Quel est ce dictateur dont l’emprisonnement ne fait pas plaisir à ceux qu’il est censé avoir fait souffrir et que Ouattara est obligé, pour le moment, de les contenir en déployant ses milices dans les rues abidjanaises et à l’intérieur du pays ? Les populations de La Haye dont la réputation de ville paisible souffrait subitement des agitations des foules qui s’y déployaient régulièrement, se le demandèrent ? Mais au-delà, pourquoi on ne parle plus de Guy-André Kieffer, ce journaliste franco-canadien censé avoir été assassiné par des proches de Simone Gbagbo parce qu’il détiendrait des dossiers hautement compromettant pour le pouvoir de son époux ? Où sont passées, là aussi, les multiples accusations qui affirmaient à l’époque que le budget de souveraineté du président Gbagbo était de 60 milliards pour les plus généreux et de 100 milliards pour les autres ? Qu’est devenu le charnier de Yopougon censé montrer la fureur contre les musulmans ? Pourquoi toutes ses soi- disant affaires qui mettaient en cause les fondements de notre pays, ne constituaient plus que de dérisoires faits divers ? A quoi tient un tel miracle ?
Que la vérité soit donc ! Même si du fond de nos cœurs contrariés, nous continuons à croire que le président Gbagbo ne peut pas être jugé à la CPI tandis qu’Alassane Ouattara qui porte, à tout le moins à titre de coauteur indirect, la responsabilité des premières tueries de Duékoué, continue ses escapades insipides dans les cieux européens. Que Gbagbo soit enfin jugé puisque c’est le seul moment qu’il a de dire sa part de vérité sans que les médias de toutes sortes, spécialistes autoproclamés de la Côte d’Ivoire, ne monopolisent les débats par des mensonges grotesques.

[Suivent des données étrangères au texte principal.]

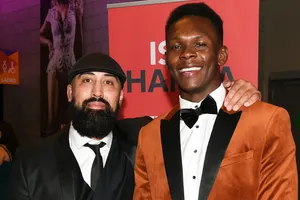 HLV Bareman và Adesanya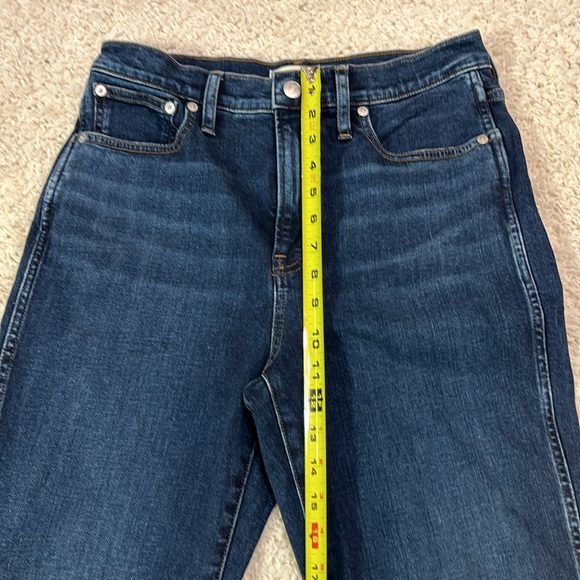 MADEWELL 28 The Perfect Vintage Jean with high waist and cropped hem, dark wash - Picture 8 of 12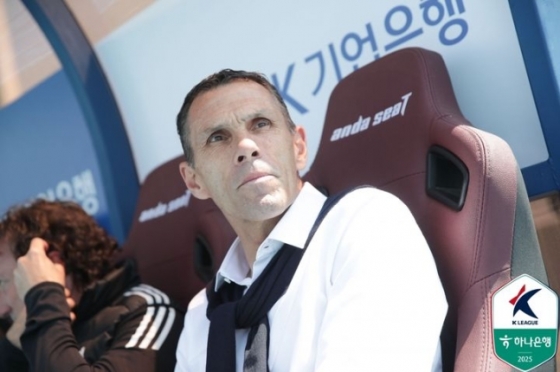 경기를 지켜보는 거스 포옛 전북 현대 감독. /사진=한국프로축구연맹 제공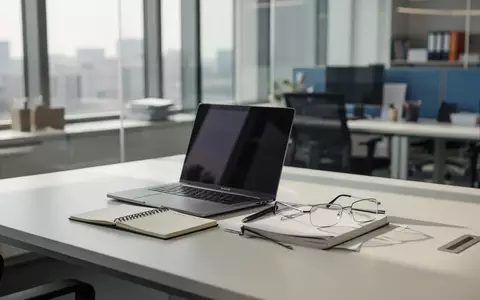 Ein aufgeräumter, moderner Büroarbeitsplatz mit Laptop und Notizbuch bei natürlichem Tageslicht. - Foto: über boerse-global.de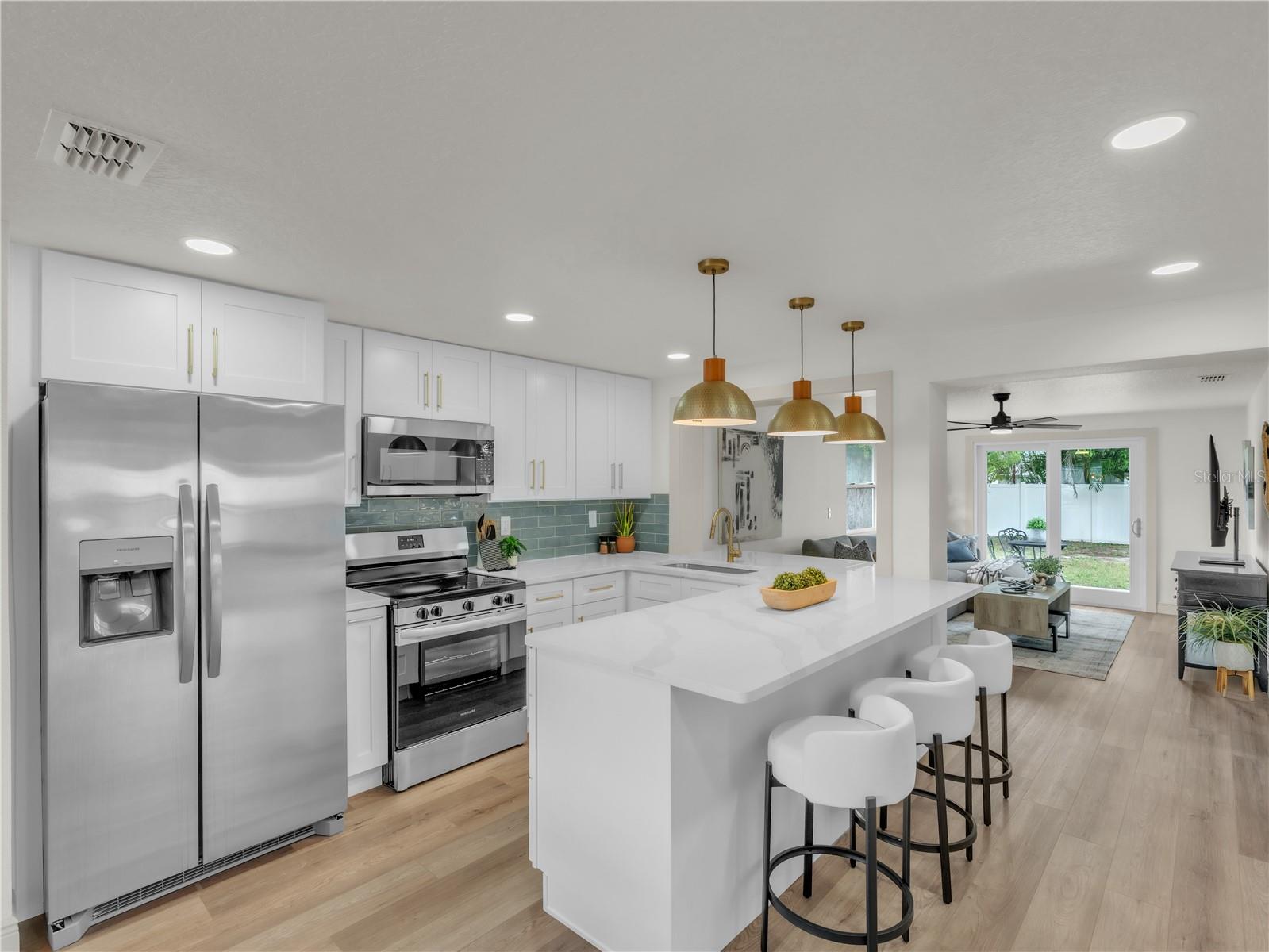 Image 3 of 22 For 10525 Valencia Road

Et puis, qui mieux que Gbagbo, déchargé des responsabilités nationales qui l’obligeaient à la réserve, pourrait nous dire l’étendue de la conjuration de l’ONUCI dont le Secrétaire général s’est parfois transformé en vulgaire coursier de la cause Ouattara ?

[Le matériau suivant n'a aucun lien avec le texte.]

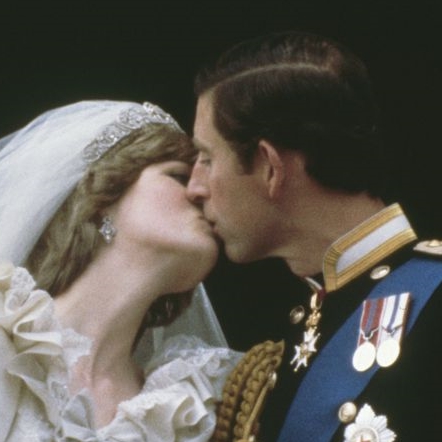 ダイアナ妃は拒食症、チャールズ皇太子はカミラ夫人とデート！残酷で孤独な結婚式(婦人画報)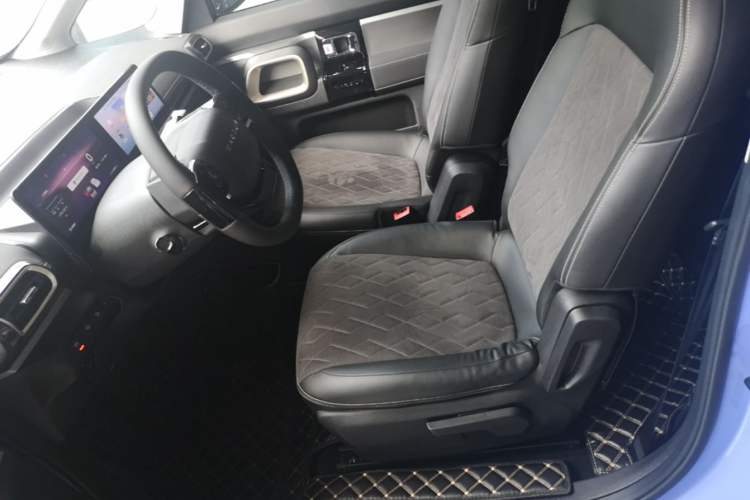 Used Baojun KiWi EV 2023 DJI Edition Lithium Iron Phosphate Left Front Seat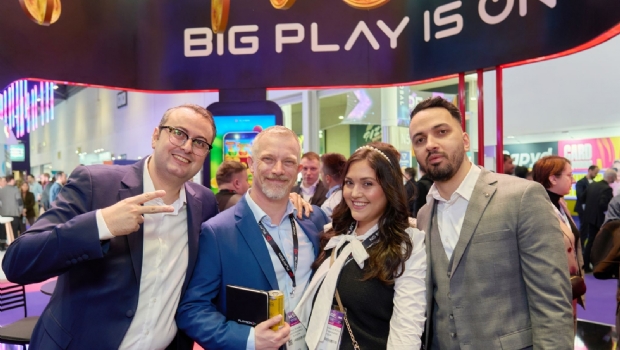 Galeria de Fotos: Os melhores momentos do dia 3 da ICE London 2024 em imagens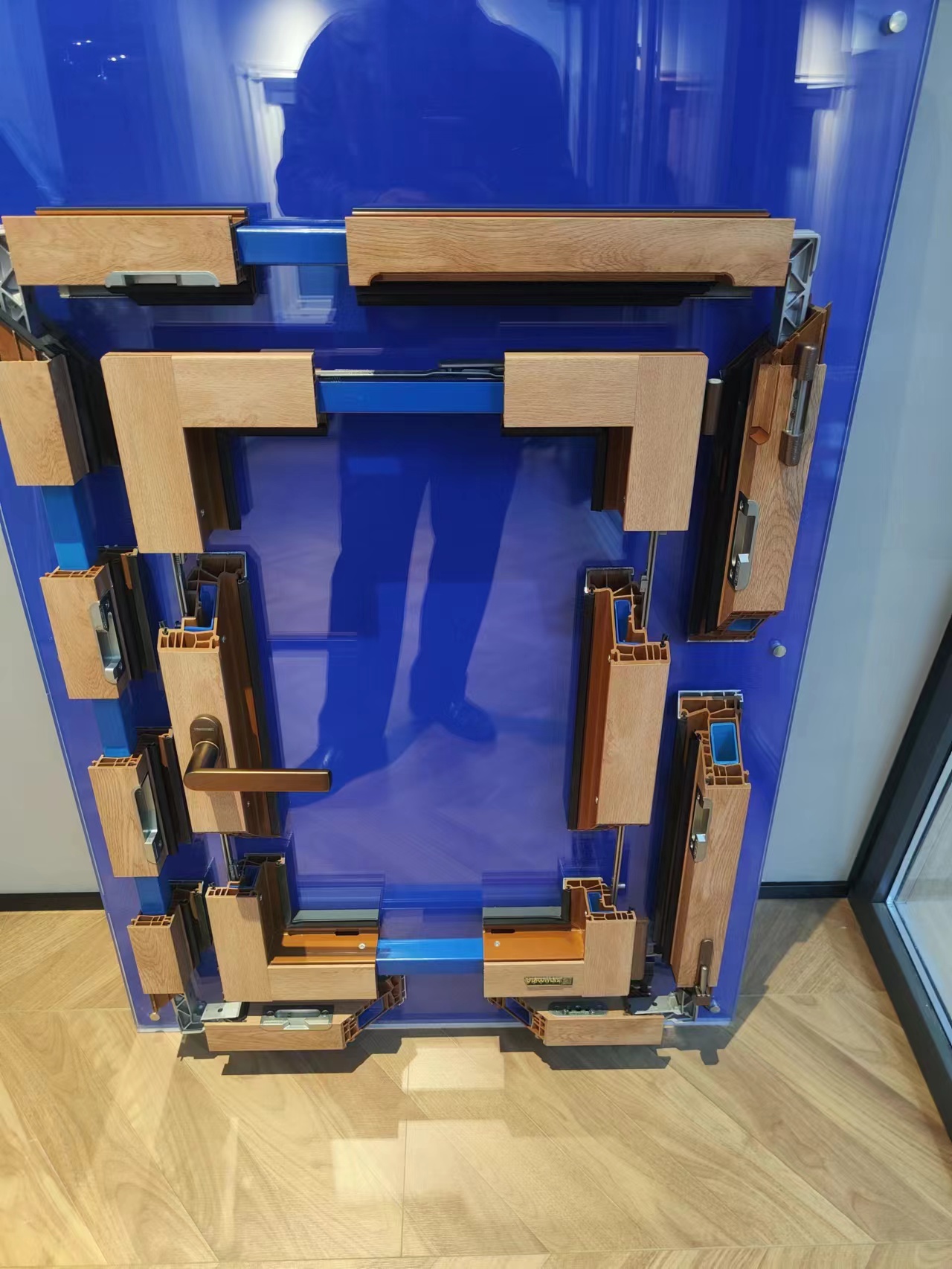 All aluminum system Windows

A partir du 13 août, une autre histoire de la Côte d’Ivoire va s’écrire. Et tous ceux dont les interrogations se perdaient régulièrement soit dans le fracas de la violence des pro-Ouattara ou dans le silence des vaincus totalement émasculés, pourront enfin avoir droit à la lumière qu’ils attendent depuis trop longtemps.
A titre personnel, j’ai un seul regret. J’aurais en effet aimé que l’ancien procureur de la CPI Ocampo soit dans le box face au président Gbagbo le 13 août prochain. Pour le voir défendre sa théorie de la mascarade fondée sur une prétendue politique d’extermination des nordistes au premier rang desquels figurerait Alassane Ouattara, cet homme qui n’a plus jamais été objet de la moindre menace depuis l’arrivée de Gbagbo au pouvoir. Peut-être qu’à titre de comparaison, il nous dirait ce que veut dire le rattrapage ethnique défendu par Ouattara dans les colonnes du journal français « Le Figaro » et si cette théorie fondée sur la justice vindicative et totalement instrumentalisée ne mérite pas d’être combattue comme toutes les théories invalidantes qui se terminent par des ratonnades.

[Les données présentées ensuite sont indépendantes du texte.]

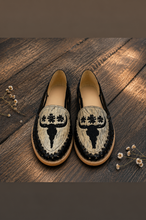 Cargar imagen en el visor de la galería, Black Cowhide - Embroidered Flats PREORDER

Pour terminer, je voudrais partager quelques certitudes qui m’habitent depuis quelque temps. Elles vont au-delà de l’issue de l’audience de confirmation des charges. Parce qu’elles sont dictées par l’histoire des hommes qui est partout la même. A savoir que le président Gbagbo sortira de la CPI si telle est la volonté des Ivoiriens. Mais pour cela, nous devons aller jusqu’au bout de nos forces, c’est-à-dire là où se termine l’espoir.